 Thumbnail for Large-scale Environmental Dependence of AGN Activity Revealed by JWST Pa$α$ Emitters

...

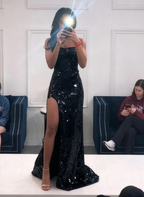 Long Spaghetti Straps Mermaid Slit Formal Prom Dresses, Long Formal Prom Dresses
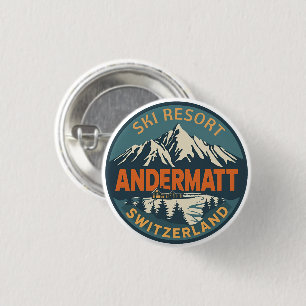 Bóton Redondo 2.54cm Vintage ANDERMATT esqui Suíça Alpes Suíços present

#### Activity:
Take the lines above starting at the one containing "Long Spaghetti Straps" and ending at the one containing "Bóton Redondo 2.54cm", and print them again exactly, without pictures.

#### Answer space:
 Long Spaghetti Straps Mermaid Slit Formal Prom Dresses, Long Formal Prom Dresses
 Bóton Redondo 2.54cm Vintage ANDERMATT esqui Suíça Alpes Suíços present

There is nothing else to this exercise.